The ensemble will be performing with the Mark Morris Dance Group in the production of Layla and Majnun at the Hopkins Center this week as part of their 2017 world tour.
The Silk Road Ensemble was started by the famous cellist Yo-Yo Ma with the intention of weaving together musical traditions from a variety of cultures. Shane Shanahan, one of the musicians, told the Windsor students about the power of music to connect.
“I think music reaches everybody on some level. And it's different music for different people, but there's always some connection to music,” he said after the workshop in the Windsor Schools music room. “And I think it helps people feel like they're home. When they travel, they bring their music with them. It's something that's familiar; it's something that allows them to tap into a positive feeling."
"I think music reaches everybody on some level. And it's different music for different people, but there's always some connection to music." — Shane Shanahan, Silk Road Ensemble musician
Josh Epstein is a seventh-grader at the Windsor Schools. He plays the pocket trumpet and says he learned a lot from the workshop.
“You can listen to music through hearing and you can learn to play music just by listening to other people play,” says Epstein, before rushing off to his next class.
Mark Morris Dance Group performing with The Silk Road Ensemble
https://www.youtube.com/watch?v=uUXUhO8VEAE
Mark Morris, the choreographer and director of the show at the Hopkins Center, says the plot shares similarities to the plot of Romeo and Juliet.
“It's a series of poems originally about a pair of people who fell in love very young and were separated for various familial and cultural reasons and these two never met again,” Morris explains. Unlike Romeo and Juliet, the couple in Layla and Majnun never marries or consummates the relationship.

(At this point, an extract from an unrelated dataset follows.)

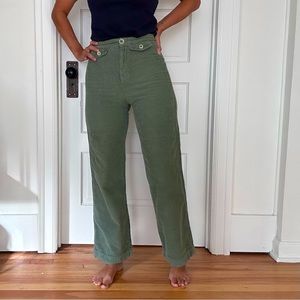 Poloma Wool Women's Sage Wide Leg Corduroy Pants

“So their love isn't just a personal one, but representative in the Sufi tradition of the all-consuming eternal love that is not merely physical," Morris says.
Morris says the ancient poems and stories on which the show is are well-known in Islamic cultures throughout Persia and Southeast Asia, but not in Western cultures.
"[T]he piece itself is absolutely not any kind of political or, from my angle, religious point of view at all, except that it's the culture it comes from. It's complete in and of itself, and it's very beautiful." — Mark Morris, choreographer and director of "Layla and Majnun"
But, he also says the show doesn't have a thesis or particular lesson.
“There are outreach programs where we're giving historical, referential points of view so people can understand something further," says Morris, "but the piece itself is absolutely not any kind of political or, from my angle, religious point of view at all, except that it's the culture it comes from. It's complete in and of itself, and it's very beautiful."
Performances of Layla and Majnun will take place at the Hopkins Center for the Arts in Hanover, Friday, Jan. 6 at 8 p.m. and Saturday, Jan. 7 at 2 and 8 p.m.
Correction 9:25 a.m. 1/6/17: A previous version of this story incorrectly called the Mark Morris Dance Group the Mark Morris Dance Company. We regret the error.